• Dataset excerpts:
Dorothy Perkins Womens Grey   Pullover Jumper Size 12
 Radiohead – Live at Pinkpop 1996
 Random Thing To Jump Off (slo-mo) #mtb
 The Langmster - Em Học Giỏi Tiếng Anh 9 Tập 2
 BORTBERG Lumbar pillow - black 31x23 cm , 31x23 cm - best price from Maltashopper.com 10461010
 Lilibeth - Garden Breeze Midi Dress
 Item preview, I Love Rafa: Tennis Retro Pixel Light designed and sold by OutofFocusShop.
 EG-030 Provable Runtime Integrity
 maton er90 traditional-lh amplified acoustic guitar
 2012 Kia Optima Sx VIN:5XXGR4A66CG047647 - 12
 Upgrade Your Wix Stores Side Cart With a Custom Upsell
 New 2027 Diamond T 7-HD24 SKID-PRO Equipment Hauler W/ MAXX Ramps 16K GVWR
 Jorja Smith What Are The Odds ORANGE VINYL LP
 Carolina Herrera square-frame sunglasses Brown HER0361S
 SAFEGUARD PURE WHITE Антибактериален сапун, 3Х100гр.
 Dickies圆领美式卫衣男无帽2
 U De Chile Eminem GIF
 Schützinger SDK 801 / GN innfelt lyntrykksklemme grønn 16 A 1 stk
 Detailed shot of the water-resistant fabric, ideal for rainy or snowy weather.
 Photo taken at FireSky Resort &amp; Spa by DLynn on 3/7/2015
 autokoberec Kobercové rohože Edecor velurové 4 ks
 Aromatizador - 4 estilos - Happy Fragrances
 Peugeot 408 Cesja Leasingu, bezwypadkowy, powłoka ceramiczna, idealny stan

• Task item: Write out only the final block of lines, starting at the line with "autokoberec Kobercové rohože" and running to the end of the material.

• Answer to the exercise:
 autokoberec Kobercové rohože Edecor velurové 4 ks
 Aromatizador - 4 estilos - Happy Fragrances
 Peugeot 408 Cesja Leasingu, bezwypadkowy, powłoka ceramiczna, idealny stan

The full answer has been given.